Nicht erlaubt sind zum Beispiel wash trades, bei denen ein Anleger gleichzeitig bestimmte Aktien kauft und verkauft, sodass sich an seinem Vermögen nichts ändert. Verboten sind auch abgesprochene Aktiengeschäfte, mit denen andere Marktteilnehmer getäuscht werden sollen. Verdächtig sind Geschäfte, mit denen der Schlusskurs einer Aktie beeinflusst wird. Ob eine Manipulation vorliegt, kommt aber auf die Umstände des Einzelfalls an, es ist ein schwieriges Rechtsgebiet.
Porsches Verhalten bei der VW-Übernahme erregte von Anfang an die Kritik der Börsianer. Als die Porsche-Spitze vor vier Jahren den Einstieg bei VW vorbereitete, fand sie einen Weg an den gesetzlichen Meldepflichten vorbei. Statt Aktien sofort zu kaufen, vereinbarte Härter Optionsgeschäfte, bei deren Auslaufen die Aktien normalerweise nicht geliefert werden, sondern die Differenz zwischen dem ausgemachten Bezugspreis und dem aktuellen Börsenpreis in bar ausgezahlt wird. Wenn Porsche den Banken die Aktien dann doch abkaufte, hatte die Wertpapieraufsicht keine Einwände.

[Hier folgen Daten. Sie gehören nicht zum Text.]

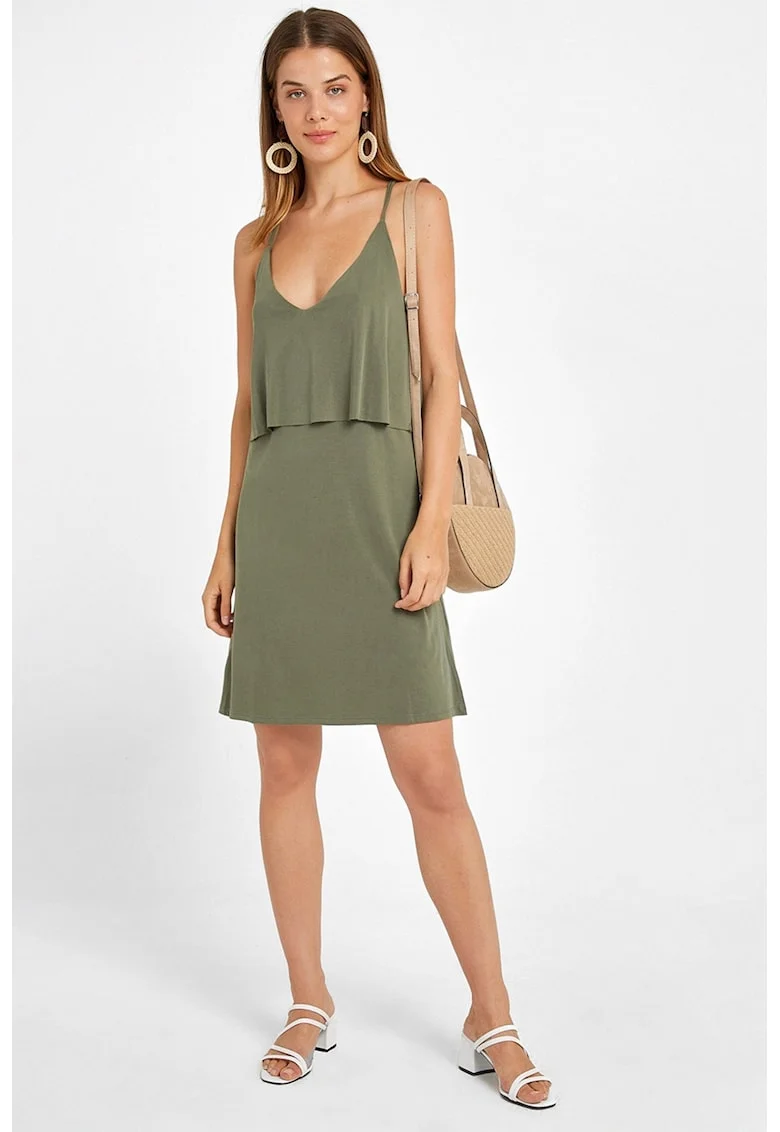 Rochie uni din amestec de modal, Verde sparanghel
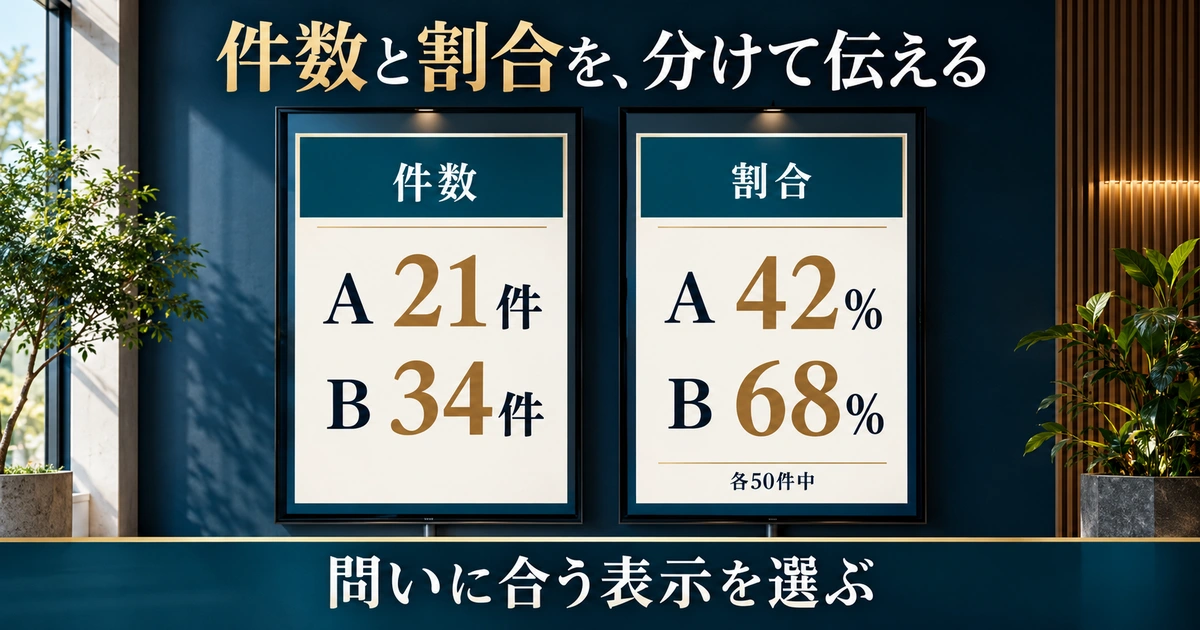 カード各50件の完了件数A21件・B34件と完了割合A42%・B68%を別々に表示する例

Manche Erklärungen, die das Unternehmen abgab, waren in dieser Zeit von beschränkter Haltbarkeit. Am 25. September 2005 kündigte Porsche an, sich »mit rund 20 Prozent« an VW beteiligen zu wollen, und behauptete: »Die Beteiligung wird auf keinen Fall die Schwelle erreichen, bei der Porsche ein öffentliches Angebot zur Übernahme von Volkswagen abgeben müsste.« Eineinhalb Jahre später, am 24. März 2007, erklärte Porsche, dass man doch auf mehr als 30 Prozent aufstocken wolle und den VW-Aktionären ein Übernahmeangebot machen werde. Am 10. März 2008 dementierte Porsche Berichte, »wonach das Unternehmen beabsichtige, seinen VW-Anteil auf 75 Prozent aufzustocken«. Am letzten Sonntag im Oktober 2008 teilte die Firma dann mit, dass Porsche jetzt doch auf 75 Prozent aufstocken wolle. Was wie ein Meinungswechsel daherkam, könnte ebenso gut ein Bluff gewesen sein.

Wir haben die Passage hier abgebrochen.